Exercise directions → Retype the records in full, keeping each character as it is.

[Web page caption snippets]

==*==

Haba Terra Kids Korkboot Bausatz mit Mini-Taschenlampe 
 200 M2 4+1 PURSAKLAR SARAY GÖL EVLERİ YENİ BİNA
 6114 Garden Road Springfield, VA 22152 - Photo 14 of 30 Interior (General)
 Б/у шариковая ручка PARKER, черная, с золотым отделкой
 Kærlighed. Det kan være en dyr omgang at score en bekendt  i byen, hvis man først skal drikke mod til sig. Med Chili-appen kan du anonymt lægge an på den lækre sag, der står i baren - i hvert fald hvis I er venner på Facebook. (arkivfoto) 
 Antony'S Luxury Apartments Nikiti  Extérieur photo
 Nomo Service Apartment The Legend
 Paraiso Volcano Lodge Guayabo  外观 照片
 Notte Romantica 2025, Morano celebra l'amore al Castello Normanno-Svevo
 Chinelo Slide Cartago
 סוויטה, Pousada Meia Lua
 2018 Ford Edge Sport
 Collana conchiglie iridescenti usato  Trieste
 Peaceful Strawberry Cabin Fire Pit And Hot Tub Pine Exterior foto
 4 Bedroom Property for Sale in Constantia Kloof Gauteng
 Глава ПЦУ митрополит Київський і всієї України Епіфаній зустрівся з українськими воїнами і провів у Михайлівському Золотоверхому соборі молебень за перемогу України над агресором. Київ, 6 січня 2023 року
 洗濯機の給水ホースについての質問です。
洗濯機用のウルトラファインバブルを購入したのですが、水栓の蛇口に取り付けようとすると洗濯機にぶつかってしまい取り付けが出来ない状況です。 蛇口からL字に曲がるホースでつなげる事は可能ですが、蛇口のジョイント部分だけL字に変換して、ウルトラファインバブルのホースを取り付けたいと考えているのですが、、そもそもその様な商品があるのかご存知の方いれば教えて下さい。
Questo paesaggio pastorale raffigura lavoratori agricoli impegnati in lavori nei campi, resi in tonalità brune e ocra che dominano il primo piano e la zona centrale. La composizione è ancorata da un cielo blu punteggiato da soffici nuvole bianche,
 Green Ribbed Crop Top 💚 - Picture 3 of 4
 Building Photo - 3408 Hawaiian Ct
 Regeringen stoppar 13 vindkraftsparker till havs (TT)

==*==

Result for this task →
Haba Terra Kids Korkboot Bausatz mit Mini-Taschenlampe 
 200 M2 4+1 PURSAKLAR SARAY GÖL EVLERİ YENİ BİNA
 6114 Garden Road Springfield, VA 22152 - Photo 14 of 30 Interior (General)
 Б/у шариковая ручка PARKER, черная, с золотым отделкой
 Kærlighed. Det kan være en dyr omgang at score en bekendt  i byen, hvis man først skal drikke mod til sig. Med Chili-appen kan du anonymt lægge an på den lækre sag, der står i baren - i hvert fald hvis I er venner på Facebook. (arkivfoto) 
 Antony'S Luxury Apartments Nikiti  Extérieur photo
 Nomo Service Apartment The Legend
 Paraiso Volcano Lodge Guayabo  外观 照片
 Notte Romantica 2025, Morano celebra l'amore al Castello Normanno-Svevo
 Chinelo Slide Cartago
 סוויטה, Pousada Meia Lua
 2018 Ford Edge Sport
 Collana conchiglie iridescenti usato  Trieste
 Peaceful Strawberry Cabin Fire Pit And Hot Tub Pine Exterior foto
 4 Bedroom Property for Sale in Constantia Kloof Gauteng
 Глава ПЦУ митрополит Київський і всієї України Епіфаній зустрівся з українськими воїнами і провів у Михайлівському Золотоверхому соборі молебень за перемогу України над агресором. Київ, 6 січня 2023 року
 洗濯機の給水ホースについての質問です。
洗濯機用のウルトラファインバブルを購入したのですが、水栓の蛇口に取り付けようとすると洗濯機にぶつかってしまい取り付けが出来ない状況です。 蛇口からL字に曲がるホースでつなげる事は可能ですが、蛇口のジョイント部分だけL字に変換して、ウルトラファインバブルのホースを取り付けたいと考えているのですが、、そもそもその様な商品があるのかご存知の方いれば教えて下さい。
Questo paesaggio pastorale raffigura lavoratori agricoli impegnati in lavori nei campi, resi in tonalità brune e ocra che dominano il primo piano e la zona centrale. La composizione è ancorata da un cielo blu punteggiato da soffici nuvole bianche,
 Green Ribbed Crop Top 💚 - Picture 3 of 4
 Building Photo - 3408 Hawaiian Ct
 Regeringen stoppar 13 vindkraftsparker till havs (TT)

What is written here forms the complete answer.